MRS. SCHOOLCRAFT.
The most delightful as well as most profitable hours I spent here, are those passed in the society of Mrs. Schoolcraft. Her genuine refinement and simplicity, and native taste for literature, are charming; and the exceeding delicacy of her health, and the trials to which it is exposed, interest all my womanly sympathies. While in conversation with her, new ideas of the Indian character suggest themselves; new sources of information are opened to me, such as are granted to few, and such as I gratefully appreciate. She is proud of her Indian origin; she takes an enthusiastic and enlightened interest in the welfare of her people, and in their conversion to Christianity, being herself most unaffectedly pious. But there is a melancholy and pity in her voice, when speaking of them, as if she did indeed consider them a doomed race. We were conversing to-day of her grandfather, Waub-Ojeeg, (the White-fisher), a distinguished Chippewa chief and warrior, of whose life and exploits she has promised to give me some connected particulars. Of her mother, O,shah,gush,ko,da,wa,qua, she speaks with fond and even longing affection, as if the very sight of this beloved mother would be sufficient to restore her to health and strength. "I should be well if I could see my mother," seems the predominant feeling.
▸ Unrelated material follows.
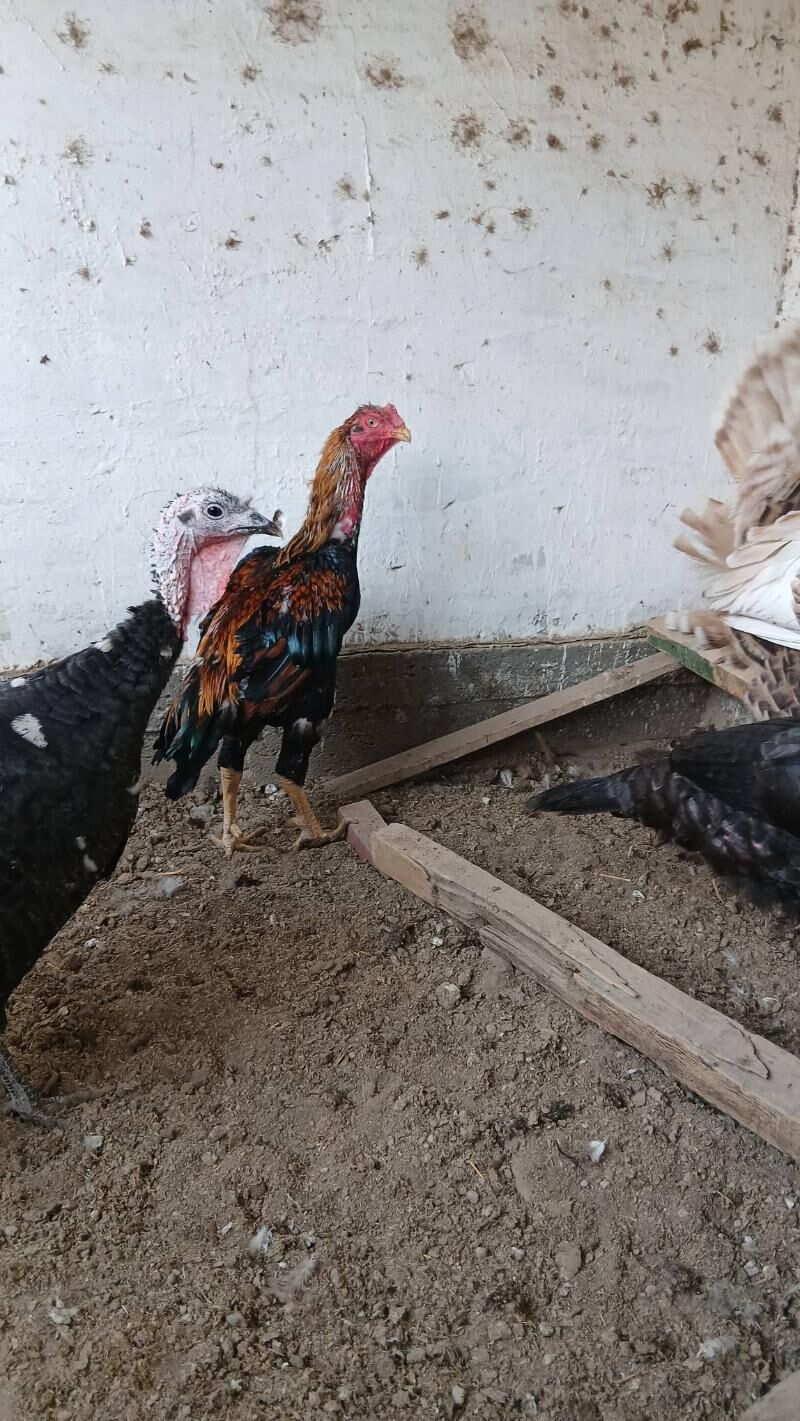 хораз - Чарджоу - img 4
Nowhere is the instinctive affection between parent and child so strong, so deep, so sacred, as among these people.
Celibacy in either sex is almost unknown among the Indians; equally rare is all profligate excess. One instance I heard of a woman who had remained unmarried from choice, not from accident or necessity. In consequence of a dream in early youth (the Indians are great dreamers), she not only regarded the sun as her manito or tutelary spirit (this had been a common case), but considered herself especially dedicated, or in fact married, to the luminary. She lived alone; she had built a wigwam for herself, which was remarkably neat and commodious; she could use a rifle, hunt, and provide herself with food and clothing. She had carved a rude image of the sun, and set it up in her lodge; the husband's place, the best mat, and a portion of food, were always appropriated to this image. She lived to a great age, and no one ever interfered with her mode of life, for that would have been contrary to all their ideas of individual freedom. Suppose that, according to our most approved European notions, the poor woman had been burnt at the stake, corporeally or metaphorically, or hunted beyond the pale of the village, for deviating from the law of custom, no doubt there would have been directly a new female sect in the nation of the Chippewas, an order of wives of the sun, and Chippewa vestal virgins; but these wise people trusted to nature and common sense. The vocation apparently was not generally admired, and found no imitators.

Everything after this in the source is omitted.